No injury time, no second chances: just a minute and change left on the clock bleeding because the rules dictated it and demanded you respond. Every football game dies one second at a time, bounded by a thousand rules, and played out by teams of fragile people working under pressure to be as good as they can possibly be under the circumstances.
Its stricture gives it its drama, its limits force creativity, and its scarcities give it is masochistic cost/benefit payoff. More relevantly, football’s economy gives it emotional resonance. If you’re watching it, you watch it because you see a neatly packaged simulation of life itself–ruled, defined by a beginning and an end, and often chaotic in spite of all the rules–with two satisfying twists.
First, an actual victor is declared, something very rare in life. Second, you know roughly when it’s going to end.

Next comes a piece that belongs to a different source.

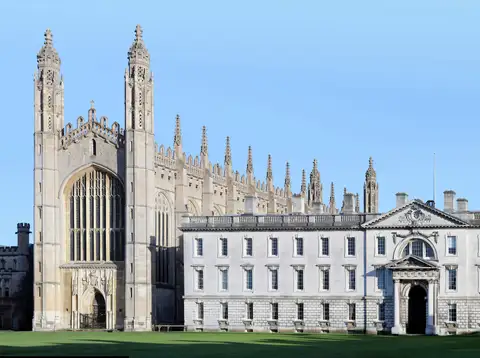 King's College Chapel and the Gibbs Building in Cambridge seen across the lawn on a clear day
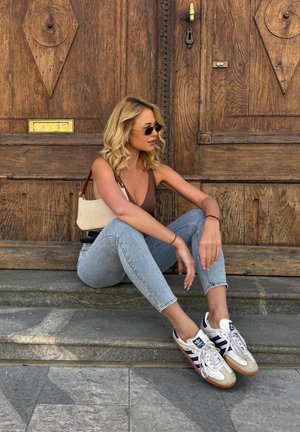 Mujer con cabello rubio y gafas de sol sentada en unos escalones de piedra frente a una gran puerta de madera, vestida con vaqueros, una camiseta marrón y zapatillas blancas.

Because of this football, for all its violence and terror, will never be as deeply terrifying as life itself. (Even when Terry Dean throws four interceptions in a single game.) Without the clock, without triple zeros set between the bounds of a field precisely 160 feet by 360 feet awaiting you, meaning is debased, and we’re not left staring at the death sentence spelled out in incandescent bulbs on the Florida Field scoreboard 15 years ago wondering what the hell just hit us.
I have also come through the emotional overdose and rehab described by commenter #13:
94 Auburn loss changed me profoundly. I was so sickened by the game that I immediately went to bed and stayed in a darkened room for 2 days. Introspection led to an epiphany that investing my whole emotional self into how the Gators did was a slow train to mental illness. It was because of this epiphany that I was able to weather The Choke at Doak, Tommy Frazier, 96 FSU (the game that didn’t matter), and 97 Tennessee. The tradeoff is that the high’s of the MNC’s are not as sky high as they would have been. But then those great feelings come crashing down eventually anyway. We can’t keep that church camp bible thumping fervor forever.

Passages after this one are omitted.